Data:
┌──

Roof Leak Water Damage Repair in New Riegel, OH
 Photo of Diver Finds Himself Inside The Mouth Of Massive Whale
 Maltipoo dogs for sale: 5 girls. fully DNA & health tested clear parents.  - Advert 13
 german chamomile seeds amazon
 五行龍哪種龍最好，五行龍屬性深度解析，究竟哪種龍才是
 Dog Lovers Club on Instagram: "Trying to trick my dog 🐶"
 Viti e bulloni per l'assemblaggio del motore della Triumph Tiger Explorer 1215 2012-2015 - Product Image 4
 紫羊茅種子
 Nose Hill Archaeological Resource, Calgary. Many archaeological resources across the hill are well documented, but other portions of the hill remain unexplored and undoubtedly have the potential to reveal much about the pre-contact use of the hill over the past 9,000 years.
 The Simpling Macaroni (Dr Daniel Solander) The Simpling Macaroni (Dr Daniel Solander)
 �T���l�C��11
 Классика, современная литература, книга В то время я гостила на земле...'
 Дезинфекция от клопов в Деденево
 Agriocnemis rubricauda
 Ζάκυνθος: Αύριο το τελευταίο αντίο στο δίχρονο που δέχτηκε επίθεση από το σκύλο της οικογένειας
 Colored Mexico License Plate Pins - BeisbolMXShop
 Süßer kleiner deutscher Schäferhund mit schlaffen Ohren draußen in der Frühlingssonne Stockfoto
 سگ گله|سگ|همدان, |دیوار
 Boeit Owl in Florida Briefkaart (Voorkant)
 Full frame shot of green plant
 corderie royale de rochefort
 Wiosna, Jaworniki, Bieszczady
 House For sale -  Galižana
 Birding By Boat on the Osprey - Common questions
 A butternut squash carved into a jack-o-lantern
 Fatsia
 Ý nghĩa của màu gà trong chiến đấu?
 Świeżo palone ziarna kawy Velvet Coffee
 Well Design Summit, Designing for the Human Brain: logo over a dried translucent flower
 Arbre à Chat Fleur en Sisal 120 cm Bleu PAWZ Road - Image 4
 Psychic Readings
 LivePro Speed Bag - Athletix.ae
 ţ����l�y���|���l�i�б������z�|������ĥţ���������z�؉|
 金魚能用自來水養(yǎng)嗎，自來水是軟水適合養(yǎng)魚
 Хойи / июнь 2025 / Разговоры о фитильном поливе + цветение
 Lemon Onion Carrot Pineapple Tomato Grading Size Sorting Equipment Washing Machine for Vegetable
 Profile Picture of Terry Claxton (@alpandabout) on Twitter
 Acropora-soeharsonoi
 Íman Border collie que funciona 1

└──

Task prompt: Up to and including the line with "Nose Hill Archaeological", reproduce the material above exactly as it appears, starting from its first line.

Response below:
Roof Leak Water Damage Repair in New Riegel, OH
 Photo of Diver Finds Himself Inside The Mouth Of Massive Whale
 Maltipoo dogs for sale: 5 girls. fully DNA & health tested clear parents.  - Advert 13
 german chamomile seeds amazon
 五行龍哪種龍最好，五行龍屬性深度解析，究竟哪種龍才是
 Dog Lovers Club on Instagram: "Trying to trick my dog 🐶"
 Viti e bulloni per l'assemblaggio del motore della Triumph Tiger Explorer 1215 2012-2015 - Product Image 4
 紫羊茅種子
 Nose Hill Archaeological Resource, Calgary. Many archaeological resources across the hill are well documented, but other portions of the hill remain unexplored and undoubtedly have the potential to reveal much about the pre-contact use of the hill over the past 9,000 years.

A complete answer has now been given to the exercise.